[RECORDS SHOWN Boundary: Start]

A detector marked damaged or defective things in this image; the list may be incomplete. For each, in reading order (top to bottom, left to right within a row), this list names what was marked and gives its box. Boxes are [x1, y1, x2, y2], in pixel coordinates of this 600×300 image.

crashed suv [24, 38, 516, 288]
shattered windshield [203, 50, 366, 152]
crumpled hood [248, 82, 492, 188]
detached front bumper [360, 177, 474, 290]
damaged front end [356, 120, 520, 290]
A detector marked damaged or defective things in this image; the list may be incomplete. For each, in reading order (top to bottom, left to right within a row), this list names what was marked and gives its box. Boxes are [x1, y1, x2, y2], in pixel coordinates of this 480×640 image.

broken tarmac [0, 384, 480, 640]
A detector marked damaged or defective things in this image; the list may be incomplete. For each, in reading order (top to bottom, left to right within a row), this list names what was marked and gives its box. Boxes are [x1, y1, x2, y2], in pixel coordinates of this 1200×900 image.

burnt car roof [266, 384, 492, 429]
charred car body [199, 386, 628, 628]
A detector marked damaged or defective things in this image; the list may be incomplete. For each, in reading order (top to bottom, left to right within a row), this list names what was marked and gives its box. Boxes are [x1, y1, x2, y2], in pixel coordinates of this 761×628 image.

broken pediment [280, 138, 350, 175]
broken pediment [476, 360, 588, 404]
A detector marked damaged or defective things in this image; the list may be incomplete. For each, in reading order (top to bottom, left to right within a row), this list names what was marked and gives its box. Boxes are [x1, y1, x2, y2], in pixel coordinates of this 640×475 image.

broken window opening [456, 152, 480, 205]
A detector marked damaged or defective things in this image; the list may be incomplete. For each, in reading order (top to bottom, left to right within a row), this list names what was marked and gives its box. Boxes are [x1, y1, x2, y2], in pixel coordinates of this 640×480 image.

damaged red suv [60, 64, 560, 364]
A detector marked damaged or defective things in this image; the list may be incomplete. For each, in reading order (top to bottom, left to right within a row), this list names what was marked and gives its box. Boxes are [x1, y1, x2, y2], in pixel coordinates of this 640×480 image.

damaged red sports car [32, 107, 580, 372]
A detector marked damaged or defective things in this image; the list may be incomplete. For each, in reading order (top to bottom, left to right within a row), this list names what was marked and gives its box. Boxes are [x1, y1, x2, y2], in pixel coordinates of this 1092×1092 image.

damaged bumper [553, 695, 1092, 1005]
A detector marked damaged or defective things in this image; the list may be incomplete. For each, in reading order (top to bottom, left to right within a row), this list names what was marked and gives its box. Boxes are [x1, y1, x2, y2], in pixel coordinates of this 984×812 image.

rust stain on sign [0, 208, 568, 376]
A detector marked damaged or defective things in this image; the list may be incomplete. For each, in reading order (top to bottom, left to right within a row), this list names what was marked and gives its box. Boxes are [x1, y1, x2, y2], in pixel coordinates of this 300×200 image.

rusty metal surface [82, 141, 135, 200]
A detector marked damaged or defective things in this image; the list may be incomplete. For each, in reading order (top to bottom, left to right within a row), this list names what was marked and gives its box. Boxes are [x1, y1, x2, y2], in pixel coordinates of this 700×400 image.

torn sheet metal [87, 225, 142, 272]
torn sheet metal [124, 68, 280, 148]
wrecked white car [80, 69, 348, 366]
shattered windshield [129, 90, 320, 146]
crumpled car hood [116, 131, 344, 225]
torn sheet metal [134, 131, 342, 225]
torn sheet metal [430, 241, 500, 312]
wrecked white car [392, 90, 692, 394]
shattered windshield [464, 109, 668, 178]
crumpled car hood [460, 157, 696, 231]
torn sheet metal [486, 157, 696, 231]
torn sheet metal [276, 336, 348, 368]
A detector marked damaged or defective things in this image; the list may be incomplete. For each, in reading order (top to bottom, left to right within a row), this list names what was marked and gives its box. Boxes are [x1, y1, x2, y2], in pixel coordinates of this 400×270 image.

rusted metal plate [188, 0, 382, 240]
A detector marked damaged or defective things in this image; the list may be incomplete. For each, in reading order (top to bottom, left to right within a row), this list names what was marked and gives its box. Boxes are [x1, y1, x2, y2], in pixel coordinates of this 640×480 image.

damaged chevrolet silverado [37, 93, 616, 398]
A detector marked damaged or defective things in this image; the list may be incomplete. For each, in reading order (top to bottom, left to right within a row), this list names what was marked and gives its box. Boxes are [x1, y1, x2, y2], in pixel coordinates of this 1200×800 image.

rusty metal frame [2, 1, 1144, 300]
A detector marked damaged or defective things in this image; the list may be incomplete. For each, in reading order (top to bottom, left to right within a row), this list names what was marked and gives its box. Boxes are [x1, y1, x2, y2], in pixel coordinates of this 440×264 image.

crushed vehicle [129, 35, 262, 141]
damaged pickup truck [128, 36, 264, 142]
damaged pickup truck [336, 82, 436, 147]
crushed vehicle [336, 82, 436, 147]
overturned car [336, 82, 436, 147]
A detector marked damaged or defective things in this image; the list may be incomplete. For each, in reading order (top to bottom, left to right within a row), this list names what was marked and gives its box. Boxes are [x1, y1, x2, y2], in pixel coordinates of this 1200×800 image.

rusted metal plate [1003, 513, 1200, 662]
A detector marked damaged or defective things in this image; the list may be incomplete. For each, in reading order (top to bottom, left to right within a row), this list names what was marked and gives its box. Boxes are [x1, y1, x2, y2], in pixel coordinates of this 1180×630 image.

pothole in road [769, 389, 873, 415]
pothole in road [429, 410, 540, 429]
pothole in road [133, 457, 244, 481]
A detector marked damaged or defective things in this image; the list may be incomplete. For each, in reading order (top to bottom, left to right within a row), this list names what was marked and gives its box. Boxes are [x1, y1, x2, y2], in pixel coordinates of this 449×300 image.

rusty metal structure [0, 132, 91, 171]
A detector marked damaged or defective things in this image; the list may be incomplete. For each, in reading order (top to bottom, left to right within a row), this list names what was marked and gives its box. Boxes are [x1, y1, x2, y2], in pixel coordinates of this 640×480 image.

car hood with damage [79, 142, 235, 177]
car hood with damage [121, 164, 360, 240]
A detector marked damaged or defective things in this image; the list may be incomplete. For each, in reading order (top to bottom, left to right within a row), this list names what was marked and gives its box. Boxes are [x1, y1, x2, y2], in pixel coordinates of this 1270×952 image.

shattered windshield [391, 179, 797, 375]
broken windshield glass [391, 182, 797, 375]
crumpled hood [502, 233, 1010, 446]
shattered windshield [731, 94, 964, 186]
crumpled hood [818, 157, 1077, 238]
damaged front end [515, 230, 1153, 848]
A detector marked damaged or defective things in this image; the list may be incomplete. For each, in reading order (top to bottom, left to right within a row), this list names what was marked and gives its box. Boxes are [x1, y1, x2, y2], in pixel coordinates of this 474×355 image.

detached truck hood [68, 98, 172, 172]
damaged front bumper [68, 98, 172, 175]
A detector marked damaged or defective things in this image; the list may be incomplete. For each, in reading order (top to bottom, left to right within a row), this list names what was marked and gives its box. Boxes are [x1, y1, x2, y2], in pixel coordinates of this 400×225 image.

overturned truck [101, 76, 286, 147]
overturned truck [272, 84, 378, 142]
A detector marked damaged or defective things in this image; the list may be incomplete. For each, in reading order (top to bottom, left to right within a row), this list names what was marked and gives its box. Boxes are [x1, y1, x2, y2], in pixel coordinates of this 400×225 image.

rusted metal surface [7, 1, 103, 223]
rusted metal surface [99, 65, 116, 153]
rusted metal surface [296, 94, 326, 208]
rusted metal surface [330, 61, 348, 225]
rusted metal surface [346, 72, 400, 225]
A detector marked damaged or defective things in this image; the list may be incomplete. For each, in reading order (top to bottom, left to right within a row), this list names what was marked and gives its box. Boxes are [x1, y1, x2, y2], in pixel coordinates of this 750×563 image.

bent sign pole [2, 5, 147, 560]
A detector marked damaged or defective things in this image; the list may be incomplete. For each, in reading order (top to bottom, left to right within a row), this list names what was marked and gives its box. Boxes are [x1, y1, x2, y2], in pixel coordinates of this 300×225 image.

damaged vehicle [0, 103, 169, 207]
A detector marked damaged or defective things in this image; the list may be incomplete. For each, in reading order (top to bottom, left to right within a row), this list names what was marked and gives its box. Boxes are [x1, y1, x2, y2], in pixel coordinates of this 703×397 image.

[RECORDS SHOWN Boundary: End]

### PROBLEM DESCRIPTION
Nothing but the lines from the one with "this 300×225 image." through the final line of the data belongs in the answer, and they must match exactly.

### RESULT FOR THIS TASK
A detector marked damaged or defective things in this image; the list may be incomplete. For each, in reading order (top to bottom, left to right within a row), this list names what was marked and gives its box. Boxes are [x1, y1, x2, y2], in pixel coordinates of this 300×225 image.

damaged vehicle [0, 103, 169, 207]
A detector marked damaged or defective things in this image; the list may be incomplete. For each, in reading order (top to bottom, left to right within a row), this list names what was marked and gives its box. Boxes are [x1, y1, x2, y2], in pixel coordinates of this 703×397 image.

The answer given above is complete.